While there is a provision enabling the NHRC and the SHRCs to make interim recommendations during an inquiry is welcome, it is of limited utility as the Commissions can only make recommendations that are largely persuasive in nature.  

Conclusion 

The Amendment Bill could have been an opportunity to bring about substantive changes in the way the NHRC functions. However, this is clearly not intended. 

The NHRC, over the years since its formation, has underlined the weaknesses in the PHRA to the central government in its annual reports. Calls for amendments to the PHRA were ignored, and finally in 1998 the NHRC initiated a comprehensive and independent examination conducted by a committee headed by Justice A.M. Ahmadi to review the PHRA. The Ahmadi committee submitted a Draft Amendment Bill to the NHRC incorporating all the subsequent proposals and also new structural amendments for the PHRA. In particular, the Ahmadi Committee suggested revising the PHRA to give greater financial independence to the NHRC. The NHRC forwarded the Draft Amendment Bill to the Central Government, which ignored the proposals. 

The Amendment Bill does little to address the fundamental weaknesses of the PHRA. The omissions are glaring. There is no attempt to address the desperate need to have the NHRC independently inquire into human rights violations by the armed forces. Nor does the Amendment Bill seek to empower the Commission to initiate proceedings for prosecution and grant interim compensation as it may consider necessary, restricting its role to making recommendations. The need to guarantee the NHRC’s financial independence has not been considered necessary. Finally, there has been no attempt to expand the NHRC’s mandate so that it can inquire into cases of human rights violations that took place more than a year ago. 

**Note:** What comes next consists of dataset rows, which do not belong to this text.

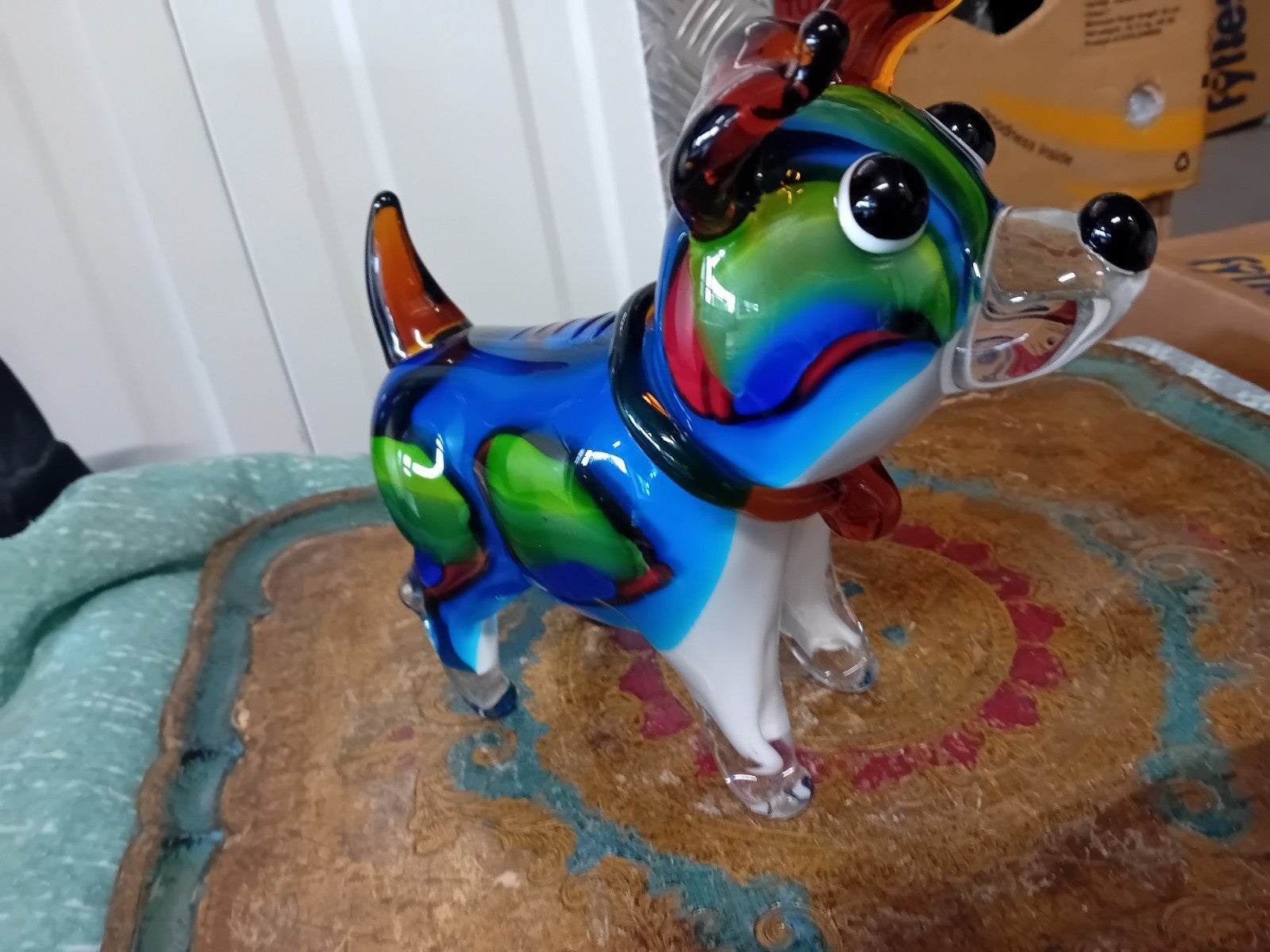 Kleurrijk Murano Glas Hondje - Uniek Decoratiestuk, Antiek en Kunst, Ophalen of Verzenden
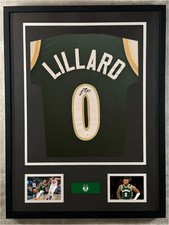 Damian Lillard Signed Jersey Framed W/ JSA COA Milwaukee Bucks Green Auto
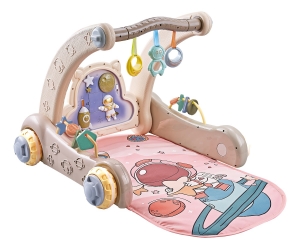 EcoToysRoze2-in-1ActiviteitenSpeelkleedenLooptrainer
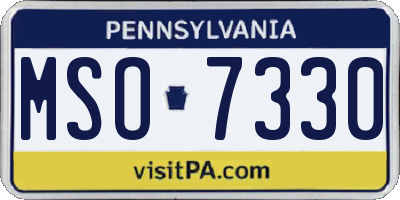 PA license plate MSO7330
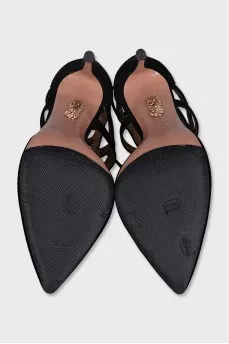 Black shoes with suede straps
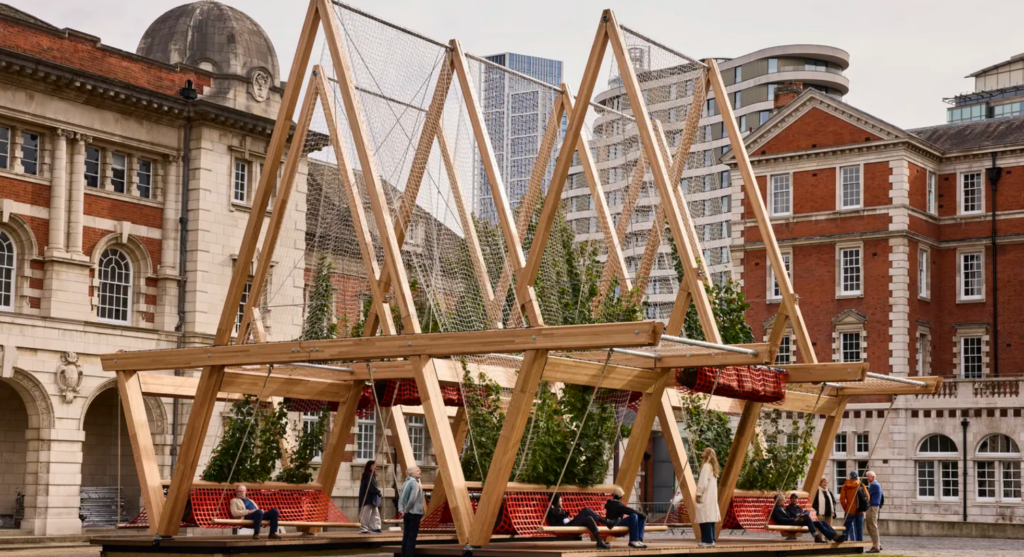 Urban cooling project with seated observers at Chelsea college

The establishment of the NHRC in 1993 was tainted by the fact that it was intended to be a rejoinder to the international opprobrium the Indian government had been receiving on human rights, particularly on the human rights situation in Jammu and Kashmir. The promotion and protection of human rights was furthest from the mind of the government of the day. Twelve years on, the half-hearted amendments sought to the Protection of Human Rights Act indicate that little has changed.